Mai non vedemmo, o miei fratelli, il sole
con tristezza sì grande naufragare:
sparve: è una pioggia ormai, su terra e mare,
di tacite impalpabili viole.
 
Dove sono, o fratelli, le campane
che suonavano un dì l'Ave Maria,
accompagnando il pellegrin per via,
dolci di tutte le dolcezze umane?...
 
Dove le umìli tremule fiammelle
dei lari, guida al vagabondo e scorta?...
O memoria, tu dunque non sei morta!...
uomo, ugual tu sei sotto le stelle!...
 
Chi piange?... Il cuor s'accosti all'altro cuore,
se ha freddo.
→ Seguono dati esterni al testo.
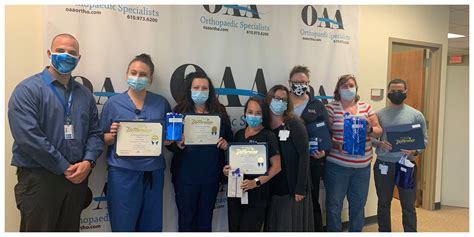 Awards - Lehighton, PA - OAA Orthopaedic Specialists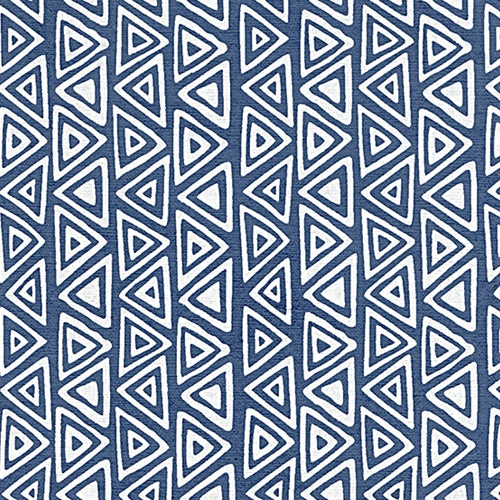 Printed Cotton Paper from India- Frieze- White on Copenhagen Blue 22x30 Inch Sheet Printed Cotton Paper from India- Frieze- White on Copenhagen Blue 22x30 Inch Sheet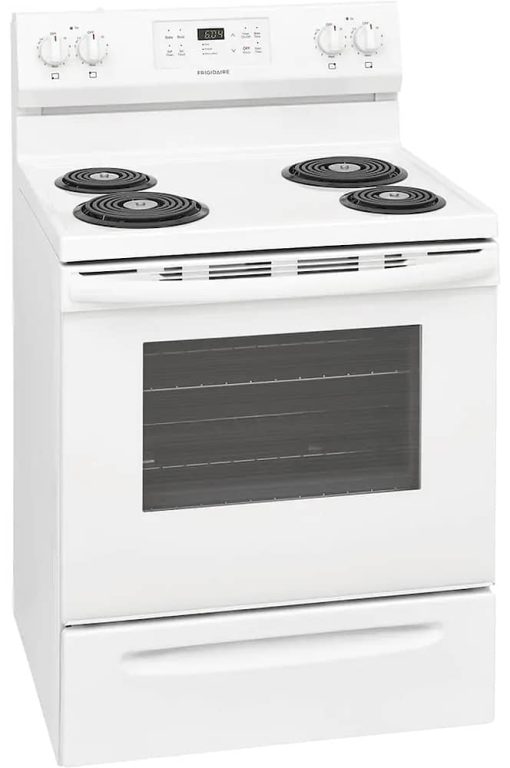 Frigidaire 30" White Electric Range - Image 7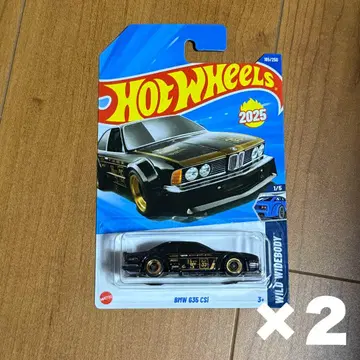 핫휠 베이직카 JFN61 BMW 635 CSI 2대 세트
E dentro soffochi il singulto.
Se rivelato essere a noi l'Occulto
deve, e vinto da noi tempo e dolore,
 
dal più profondo anelito dell'Io
sorga e s'adori,—come nella culla
di strame il Cristo,—innanzi al tutto e al nulla,
l'immortale Unità dell'Uomo-Dio.
FINE.

Nota dei trascrittori

Le grafie alternative sono state mantenute (vïole/viole, oblìo/oblio). I minimi errori tipografici sono stati corretti senza annotazione.